ST. PETERSBURG — Rays manager Joe Maddon acknowledged before Thursday's game they need to get more — specifically, innings — out of their starting rotation.
And typically, James Shields has been one of their best workhorses, grinding through innings, especially at home.
But as the Rays opened an eight-game homestand (against the last-place Indians and A's) with an 11-7 loss to Cleveland and heard boos from some of the 17,169 at Tropicana Field, Shields continued their trend of doing things they didn't typically do last season.
Shields said his "emotions got the best of me," after a two-out error in the fifth, after which he gave up three unearned runs to make it a 5-0 game. The bullpen, one of the league's best last season, continued its inconsistencies, negating a late rally.
Shields became the third straight starter not to last more than five innings, and another loss dropped Tampa Bay (16-20) closer to last in the American League East.
"I believe our best baseball is ahead of us," Maddon said. "But I can't fault anybody for questioning the record right now."
The Rays played without three regulars. Leftfielder Carl Crawford (bruised right shoulder) and designated hitter Pat Burrell (inflammation in neck) are day to day, and catcher Dioner Navarro got the day off until pinch-hitting in the ninth.
And the short-handed offense had to dig out of a big hole, trailing 9-0 by the sixth.
Shields' night started strong. He said he had his good stuff in striking out five in the first three innings. But the Indians scored two in the fourth on four singles then added three unearned runs in the fifth.
Shields appeared to have gotten out of the inning unscathed, but Akinori Iwamura bobbled a potential inning-ending grounder by Asrubal Cabrera. Victor Martinez and Shin-Soo Choo followed with doubles to make it 5-0. Shields ended up matching his season highs in runs allowed (five) and hits (10).

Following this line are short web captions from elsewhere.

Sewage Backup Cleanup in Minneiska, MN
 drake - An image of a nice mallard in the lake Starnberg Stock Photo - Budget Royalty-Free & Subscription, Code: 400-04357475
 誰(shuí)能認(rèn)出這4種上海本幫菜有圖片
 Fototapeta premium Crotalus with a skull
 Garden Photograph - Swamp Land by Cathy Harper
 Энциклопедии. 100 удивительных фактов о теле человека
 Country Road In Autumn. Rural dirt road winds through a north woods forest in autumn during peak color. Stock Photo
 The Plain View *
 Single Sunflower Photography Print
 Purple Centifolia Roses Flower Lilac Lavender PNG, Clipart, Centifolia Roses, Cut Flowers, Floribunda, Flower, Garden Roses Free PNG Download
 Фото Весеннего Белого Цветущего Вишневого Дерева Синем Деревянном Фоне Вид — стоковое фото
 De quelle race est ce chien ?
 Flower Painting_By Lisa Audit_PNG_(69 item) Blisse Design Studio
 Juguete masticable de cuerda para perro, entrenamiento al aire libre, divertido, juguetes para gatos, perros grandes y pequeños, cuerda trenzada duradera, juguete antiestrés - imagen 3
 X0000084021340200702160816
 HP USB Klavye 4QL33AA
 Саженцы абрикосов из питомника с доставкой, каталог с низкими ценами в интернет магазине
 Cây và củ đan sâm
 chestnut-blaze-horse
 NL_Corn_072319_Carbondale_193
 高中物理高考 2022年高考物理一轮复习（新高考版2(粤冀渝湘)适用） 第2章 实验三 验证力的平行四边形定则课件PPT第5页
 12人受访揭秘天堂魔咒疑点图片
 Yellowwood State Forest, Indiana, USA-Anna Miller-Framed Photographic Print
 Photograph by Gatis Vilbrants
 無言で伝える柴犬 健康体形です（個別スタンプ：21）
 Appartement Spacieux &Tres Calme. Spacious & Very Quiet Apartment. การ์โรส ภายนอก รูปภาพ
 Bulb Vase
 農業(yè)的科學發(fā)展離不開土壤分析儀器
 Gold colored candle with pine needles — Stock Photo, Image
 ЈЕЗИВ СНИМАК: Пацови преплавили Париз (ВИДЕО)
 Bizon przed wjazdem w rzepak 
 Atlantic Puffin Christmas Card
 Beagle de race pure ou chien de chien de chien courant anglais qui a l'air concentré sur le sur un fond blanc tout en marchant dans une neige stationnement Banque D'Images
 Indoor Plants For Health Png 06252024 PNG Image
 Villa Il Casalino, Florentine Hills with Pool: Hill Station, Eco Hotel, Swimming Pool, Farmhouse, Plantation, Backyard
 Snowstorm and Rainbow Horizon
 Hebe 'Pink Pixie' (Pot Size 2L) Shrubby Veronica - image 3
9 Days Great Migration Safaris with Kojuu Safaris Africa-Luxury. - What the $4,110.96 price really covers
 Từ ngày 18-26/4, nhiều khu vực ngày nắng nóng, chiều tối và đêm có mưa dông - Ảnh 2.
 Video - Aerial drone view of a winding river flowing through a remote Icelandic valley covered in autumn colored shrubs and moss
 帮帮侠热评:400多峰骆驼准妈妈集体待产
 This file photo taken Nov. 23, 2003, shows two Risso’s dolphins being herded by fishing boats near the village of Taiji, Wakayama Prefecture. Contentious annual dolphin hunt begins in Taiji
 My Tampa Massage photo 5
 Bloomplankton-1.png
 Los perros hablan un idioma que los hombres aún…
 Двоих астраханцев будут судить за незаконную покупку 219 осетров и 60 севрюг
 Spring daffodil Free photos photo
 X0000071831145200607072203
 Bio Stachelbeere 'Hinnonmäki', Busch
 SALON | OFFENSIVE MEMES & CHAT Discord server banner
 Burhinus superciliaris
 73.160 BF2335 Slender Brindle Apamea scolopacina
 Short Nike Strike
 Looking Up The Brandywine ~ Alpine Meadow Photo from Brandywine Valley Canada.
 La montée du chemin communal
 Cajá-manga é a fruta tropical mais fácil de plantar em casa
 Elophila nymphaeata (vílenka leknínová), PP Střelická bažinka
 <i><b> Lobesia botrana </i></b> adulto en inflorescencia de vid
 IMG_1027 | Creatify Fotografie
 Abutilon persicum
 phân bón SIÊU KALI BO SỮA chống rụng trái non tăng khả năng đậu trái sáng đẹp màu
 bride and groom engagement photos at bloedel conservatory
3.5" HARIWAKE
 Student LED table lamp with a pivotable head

"I kind of lost focus. My emotions got the best of me," Shields said. "After the error, I've got to bear down and focus in on it."
The bullpen didn't fare any better. In the sixth, the Indians pounced on Joe Nelson for four runs in a two-out rally that included two doubles and a homer.
"When you come in down 5-0, your job is to keep it right there," Nelson said. "I didn't make the pitches when I needed to, and it ended up costing us."
The Rays showed some life in the sixth. B.J. Upton walked and stole two bases before pinch-hitter Gabe Kapler walked, too. Later, Willy Aybar had an RBI single and Gabe Gross an RBI double.
But the biggest hit came from Ben Zobrist, who ripped a three-run homer into the rightfield seats to cut it to 9-6. It was his sixth homer of the season.
The Indians, whose 13 wins entering Thursday were tied for second fewest in the majors, typically have had the Rays' number. Tampa Bay's 28-61 record against them is its worst among AL opponents.
"We bring out the best in Cleveland," Maddon said. "I've only seen that team good. I can't understand how they've ever struggled."